In other words: both maps are pretty fair, albeit with specific issues unique to each. But what do the chambers both look like, and what can we expect going forward?
One of the most important things to understand about legisative redistricting in North Carolina is the cluster system. The state Constitution prohibits counties from being split, which itself conflicts with the federal “one man, one vote” standard. To square this circle, North Carolina maps are split up into “clusters”. If a single county can contain one or more seats entirely within its borders, this has to be accommodated; after all of these counties are sorted, then multi-county clusters are created.

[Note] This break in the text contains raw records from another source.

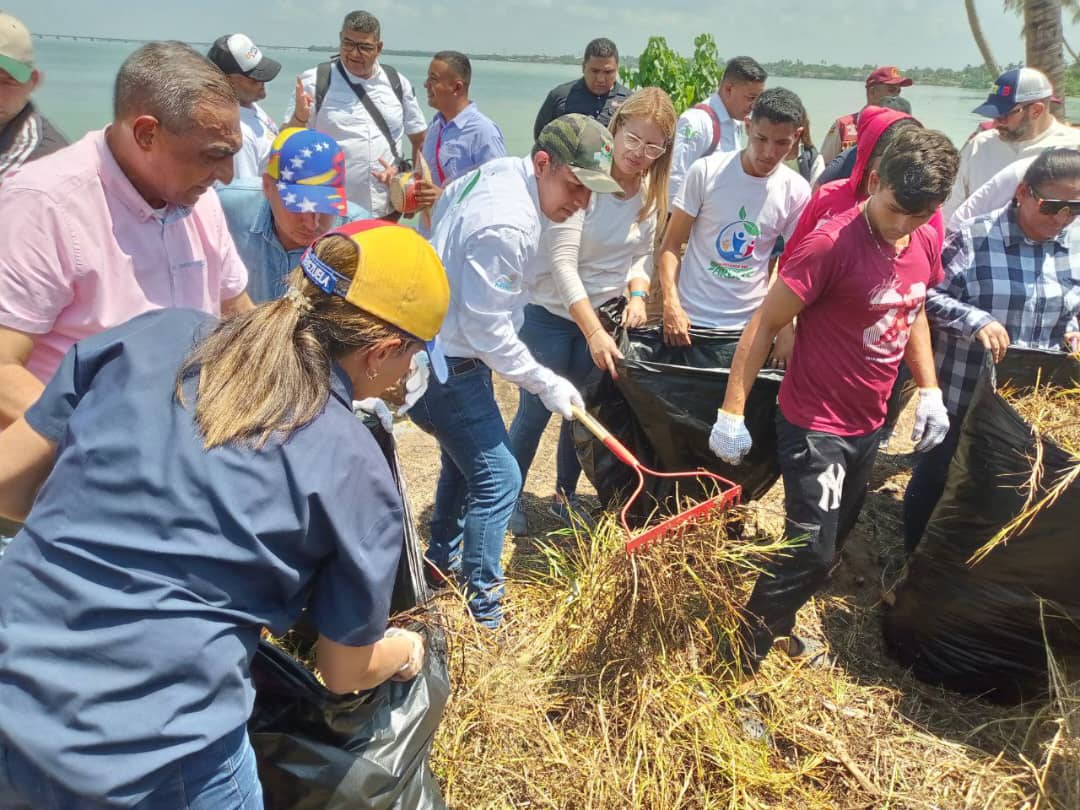 Saneamiento y reforestación se realizó en la Costa Oriental del Lago de Maracaibo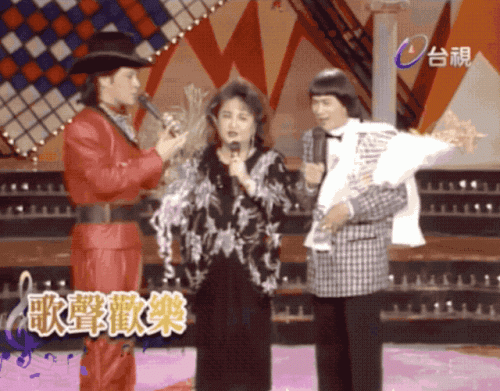 刘文正费翔(刘文正经典老歌)插图6
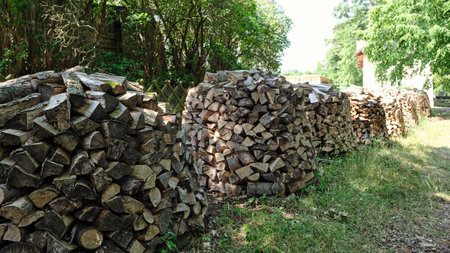 Firewood stacked in a pile in a natural summer forest. Woodpile of chopped fire wood prepared for a...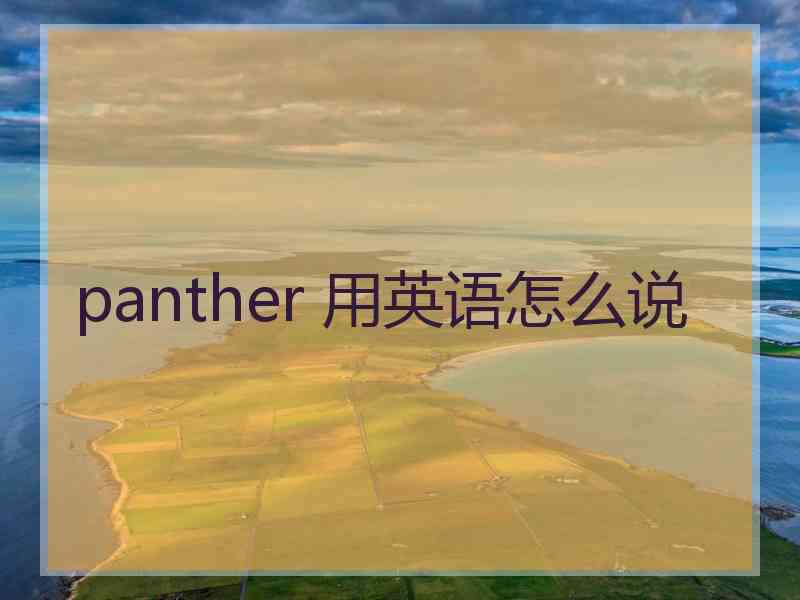 panther 用英语怎么说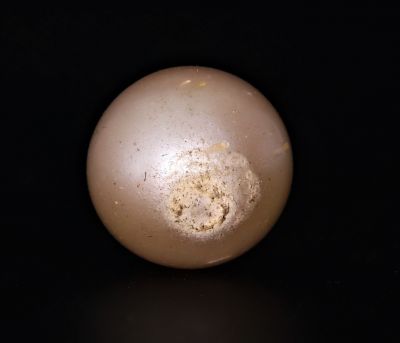 211707 Original Natural Pearl (South Sea) 15.8 Carat Weight Origin Australia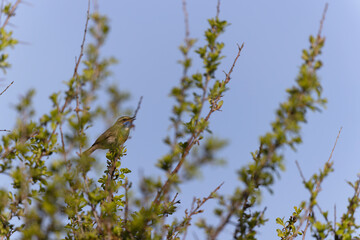 Bluethroat Luscinia svevica subsp. namnetum perching in Morbihan, France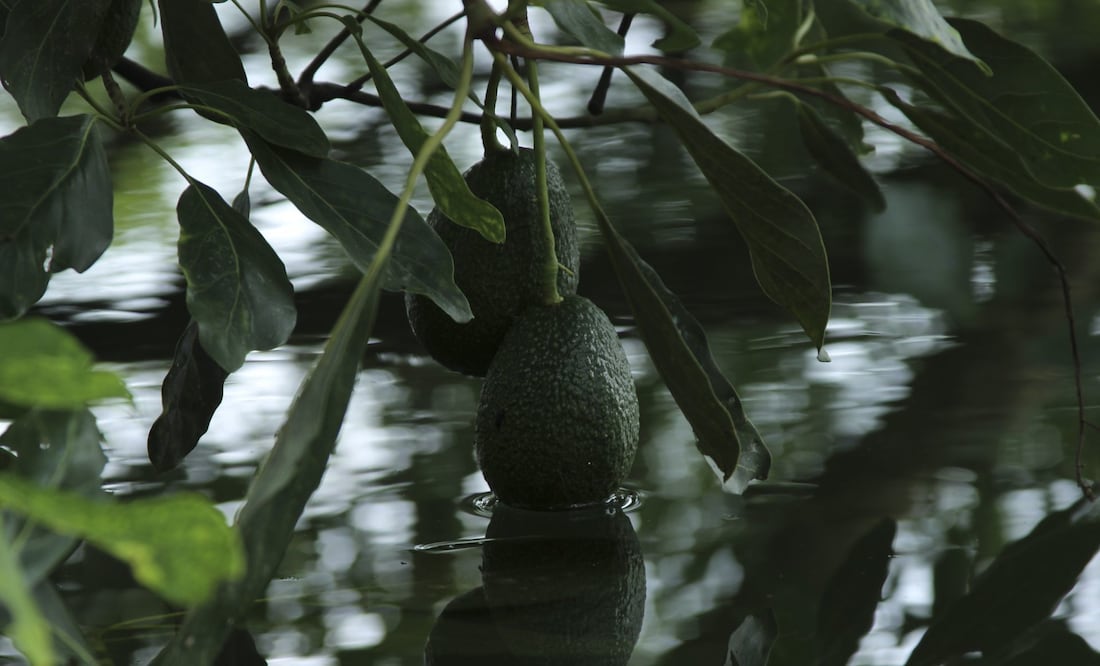 Las hojas del aguacate también pueden usarse como hierbas de olor. Foto: Cuartoscuro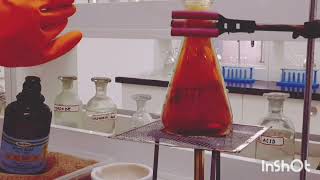 Reaction of Copper metal with Concentrated Nitric Acid [upl. by Notsnhoj128]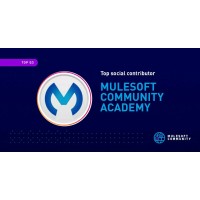 MuleSoft Integration Academy logo - Similar company to Dwinsoft Technologies | Beyond Integration
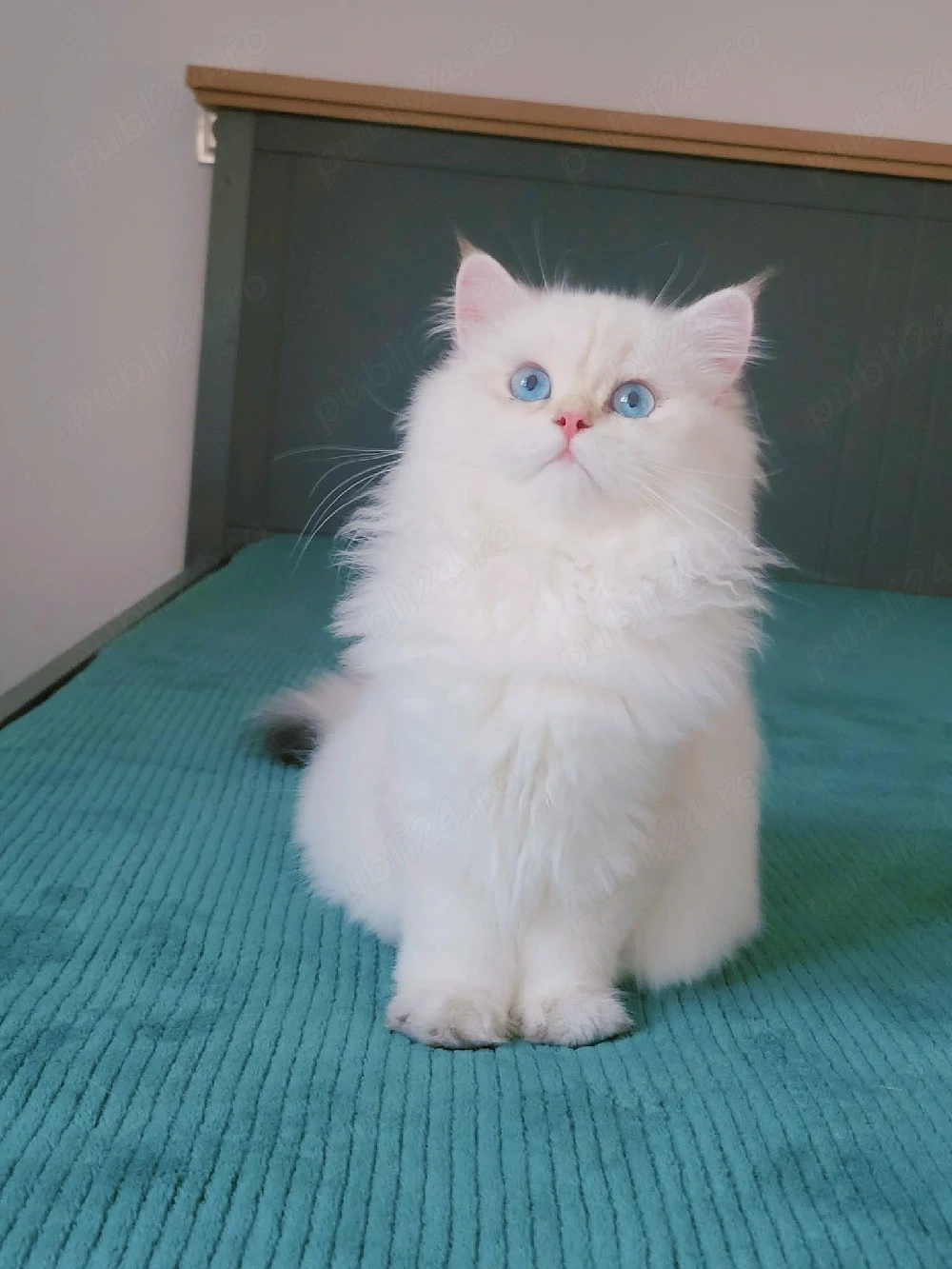 british longhair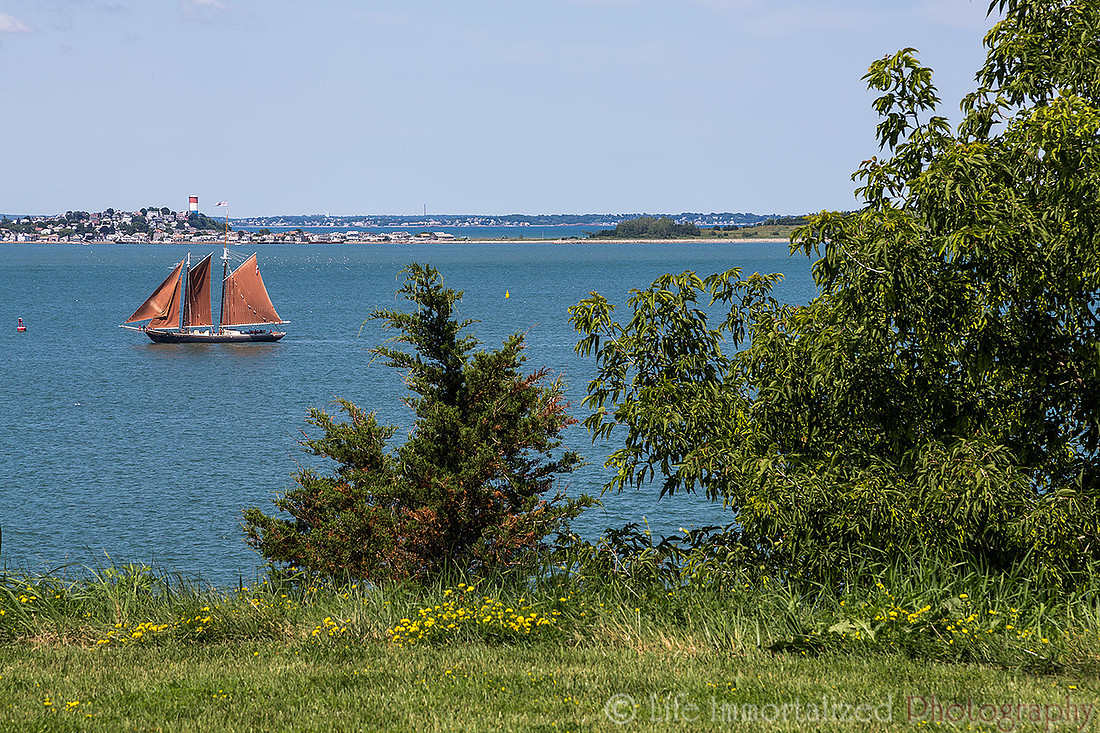 Spectacle Island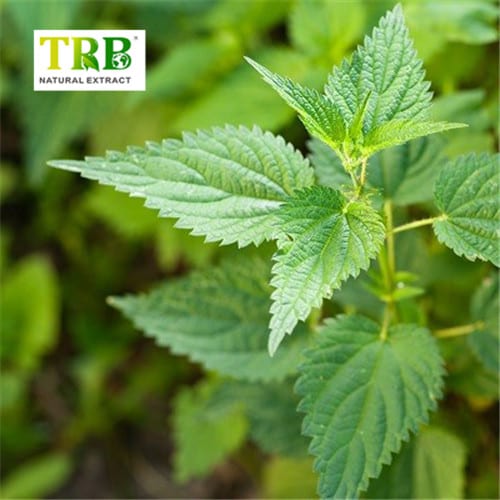 China Nettle Extract  Manufacturer, Supplier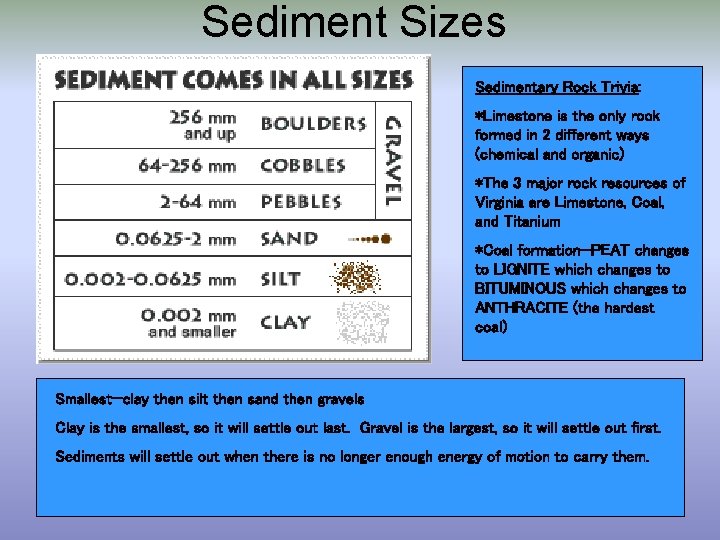 Sediment Sizes Sedimentary Rock Trivia: *Limestone is the only rock formed in 2 different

These clusters themselves can be mostly determined by mathematical formulas and while some are firmly set, there are scenarios where there can be multiple potential clusters. The State Senate map is one such example, where the initial, rejected map and the new approved map use a different set of clusters in the northeast.
House of Representatives
Starting with the House of Representatives, it’s clear that Democrats got a fairly good deal here – but not one that would ensure a viable path to a majority in 2022. Right now, under the 2020 maps redrawn on a bipartisan basis, Republicans control 69 seats to 51 for the Democrats. The new map contains 61 Trump seats and 59 Biden seats, something accomplished by the creative means of cracking cities in urban counties to produce less competitive seats. Like in the current map, the most egregious example of this is likely in Buncombe, where the liberal bastion of Asheville is split into three different districts.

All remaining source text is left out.